* PROMPT *
Any pictures in the records below must be left out when you repeat the lines from the line containing "Hotel Ibis Budget" through the line containing "2010/10/16 11:39:07 炊飯にチャレンジ １" exactly.

(Source records)
○ ○ ○ ○

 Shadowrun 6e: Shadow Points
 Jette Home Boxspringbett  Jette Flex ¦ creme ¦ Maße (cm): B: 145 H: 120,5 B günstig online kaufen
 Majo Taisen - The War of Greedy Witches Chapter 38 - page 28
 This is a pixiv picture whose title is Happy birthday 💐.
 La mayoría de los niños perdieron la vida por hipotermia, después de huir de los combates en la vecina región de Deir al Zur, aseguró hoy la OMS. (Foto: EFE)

○ ○ ○ ○

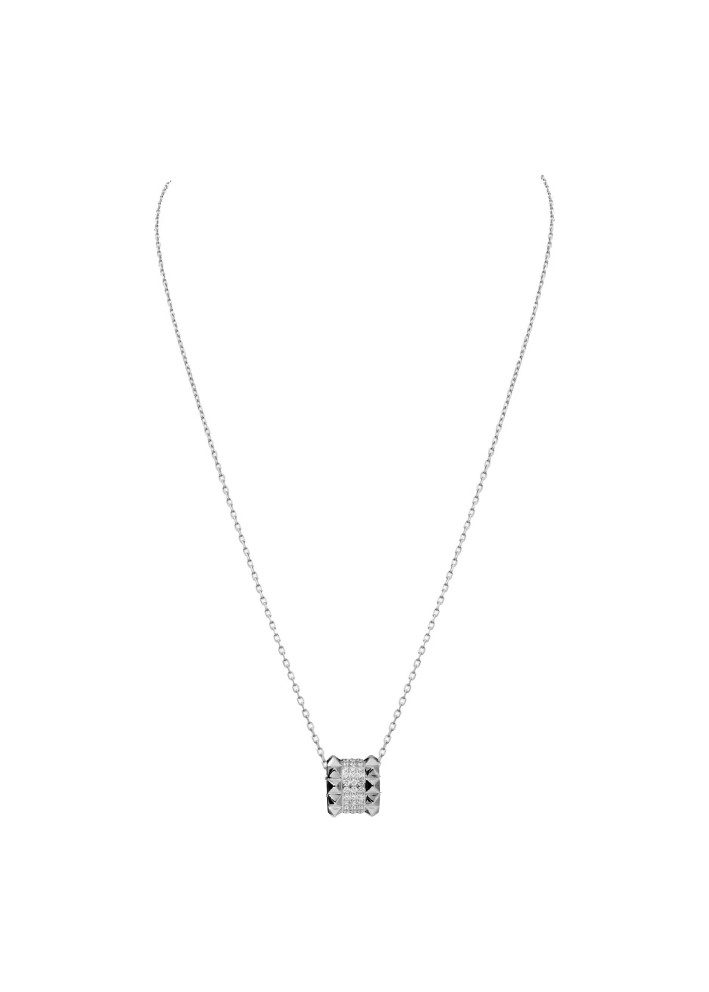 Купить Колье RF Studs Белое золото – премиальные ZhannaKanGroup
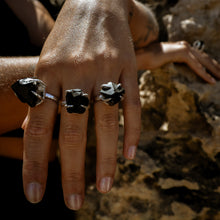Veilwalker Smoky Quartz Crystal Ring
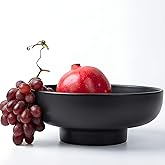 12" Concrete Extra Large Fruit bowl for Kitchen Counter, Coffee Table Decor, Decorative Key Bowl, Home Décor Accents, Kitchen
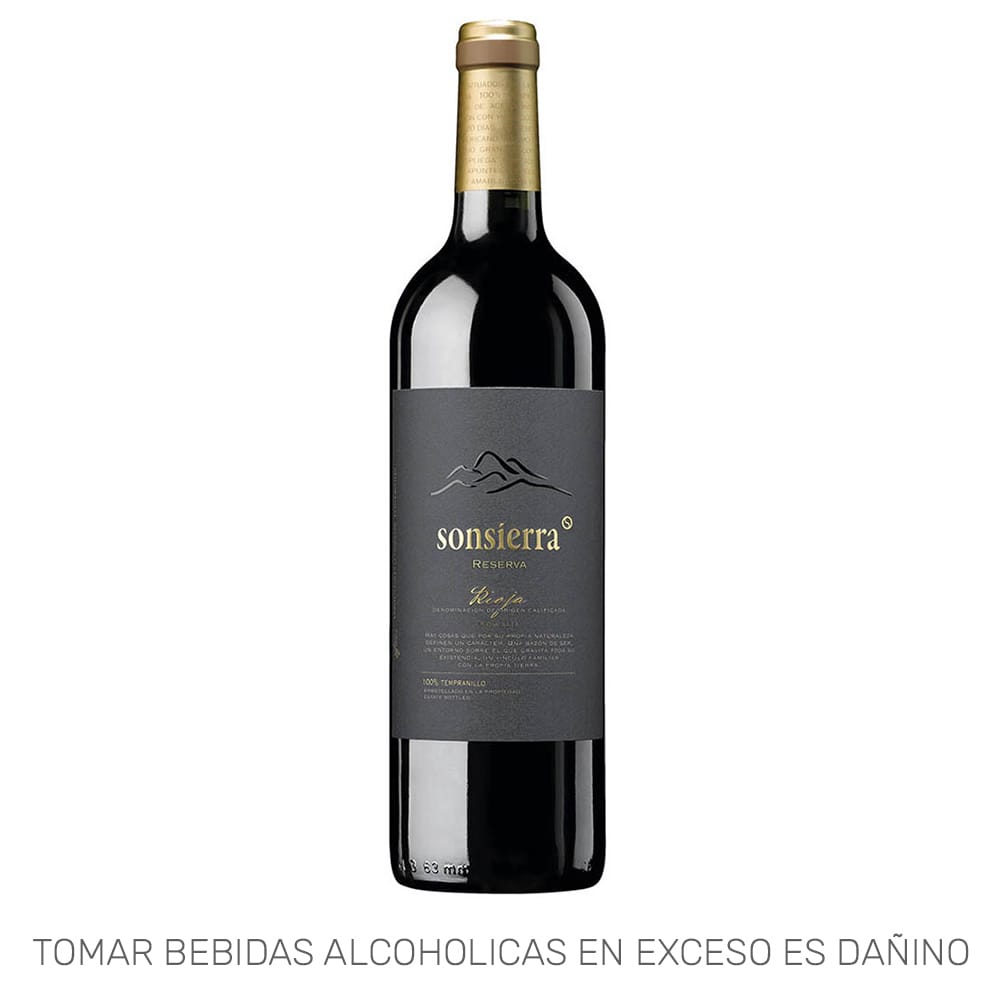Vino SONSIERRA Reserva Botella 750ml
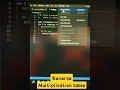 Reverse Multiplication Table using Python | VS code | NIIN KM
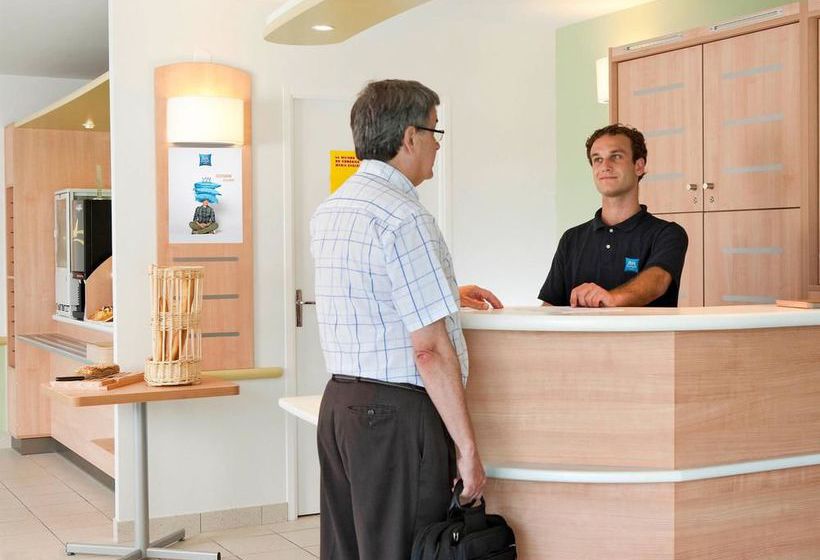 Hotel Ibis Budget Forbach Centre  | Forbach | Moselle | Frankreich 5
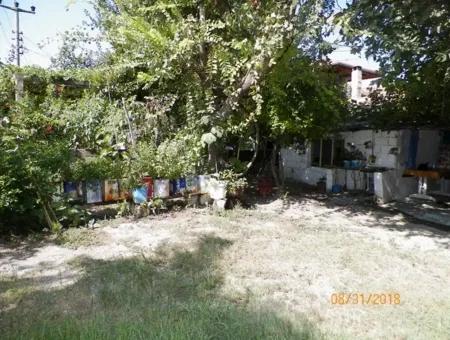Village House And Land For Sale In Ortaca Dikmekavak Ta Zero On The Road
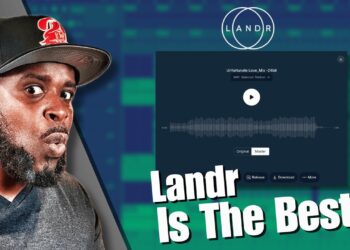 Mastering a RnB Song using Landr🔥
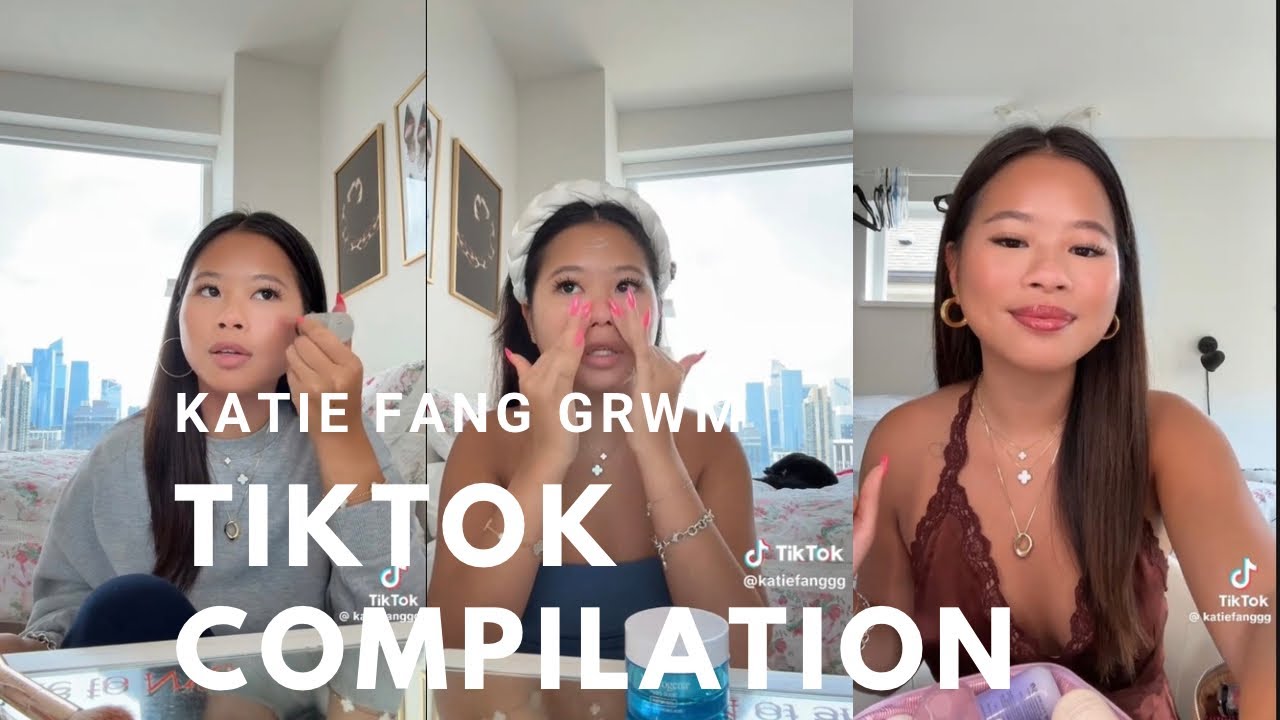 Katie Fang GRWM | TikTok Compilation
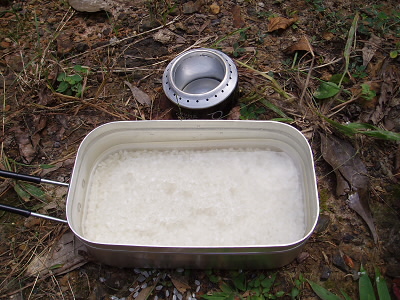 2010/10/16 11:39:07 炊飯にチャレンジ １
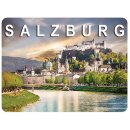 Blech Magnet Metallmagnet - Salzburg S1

○ ○ ○ ○

* SOLUTION TO THIS EXERCISE *
 Hotel Ibis Budget Forbach Centre  | Forbach | Moselle | Frankreich 5
Village House And Land For Sale In Ortaca Dikmekavak Ta Zero On The Road
 Mastering a RnB Song using Landr🔥
 Katie Fang GRWM | TikTok Compilation
 2010/10/16 11:39:07 炊飯にチャレンジ １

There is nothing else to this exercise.